What prompt injection really is
Prompt injection is an attempt to influence an application’s behavior by manipulating the text and context it feeds to the model. Attackers aim to override instructions, extract sensitive context, or coerce unsafe tool actions.
A simple threat model
| Target | How it’s attacked | Impact |
|---|---|---|
| Instruction hierarchy | Role confusion, “ignore previous instructions”, multi-turn manipulation | Policy bypass, unsafe content, incorrect actions |
| Context boundary (RAG) | Prompting model to reveal retrieved context or fetch restricted docs | Data leakage, IP exposure |
| Tool boundary (agents) | Coercing tools to execute unsafe actions or expand scope | Unauthorized actions, workflow compromise |
Layered defenses that scale
Avoid a single brittle control. Use layers that reinforce each other:
- Policy gates: enforce non-negotiable boundaries before responses or tool calls.
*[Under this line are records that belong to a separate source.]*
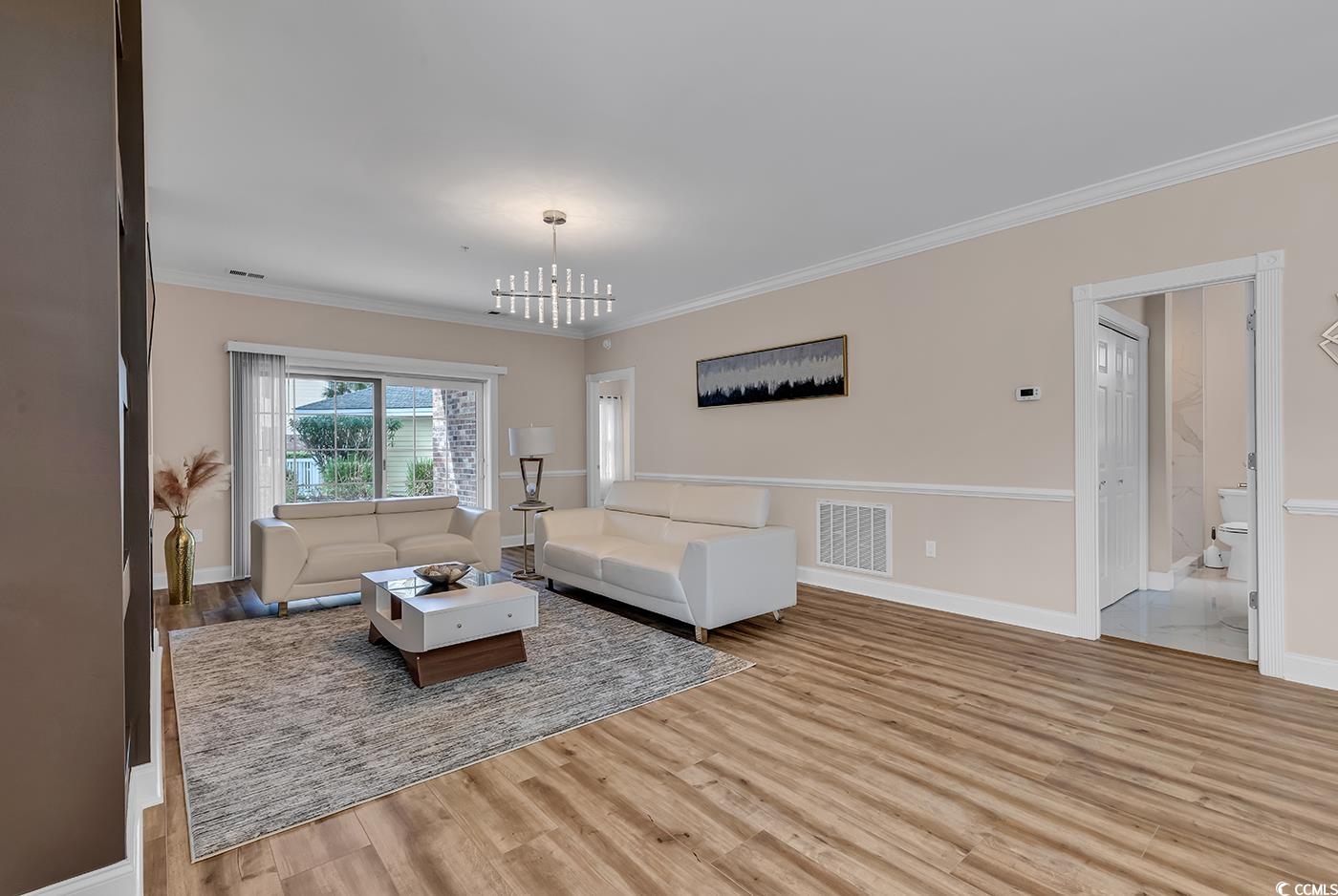 4821 Luster Leaf Circle, Unit 101 Myrtle Beach, SC 29577 - Photo 11 of 40 Living room with light wood-type flooring, crown m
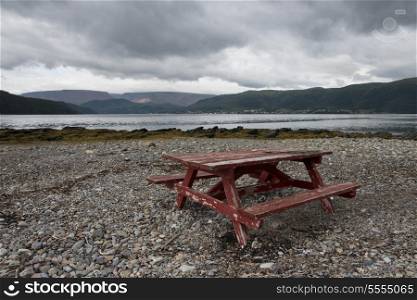Picnic Table on the pebbled beach, Bonne Bay, Norris Point, Gros Morne National Park, Newfoundland And Labrador, Canada
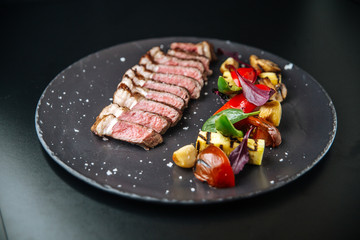  Beef tagliata, meat, with potatoes and tomatoes and herbs, side view, horizontal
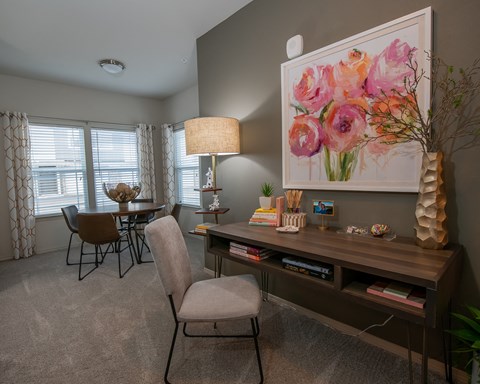 A room with a desk, chair, and a painting of flowers on the wall.
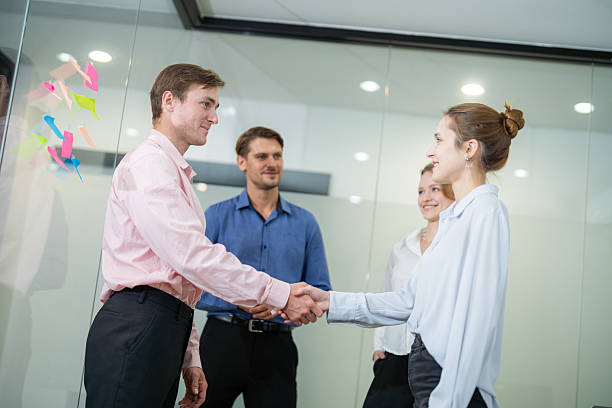 istock Business professionals engaging in a handshake and collaboration during a meeting in a modern office setting 2210519662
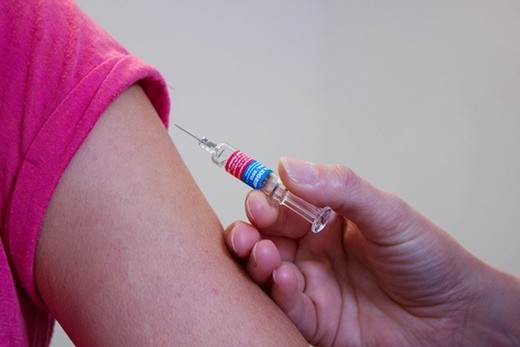 Vaccine shot being administered to someone’s bare arm.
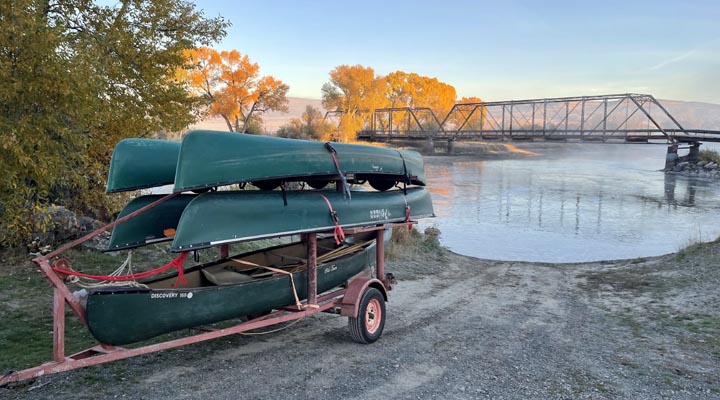 Canoes on a trailer by the Jefferson River.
- Context hygiene: sanitize retrieved context and restrict what can be exposed.
- Tool allowlists: constrain which tools can run, with scoped parameters.
- Action verification: confirm “high impact” actions with explicit checks.
- Adversarial regression tests: re-run injection tests as prompts change.
What to measure
Security teams need signals. Measure injection attempts by category, boundary touched (prompt/context/tool), outcomes (blocked/allowed), and drift over time.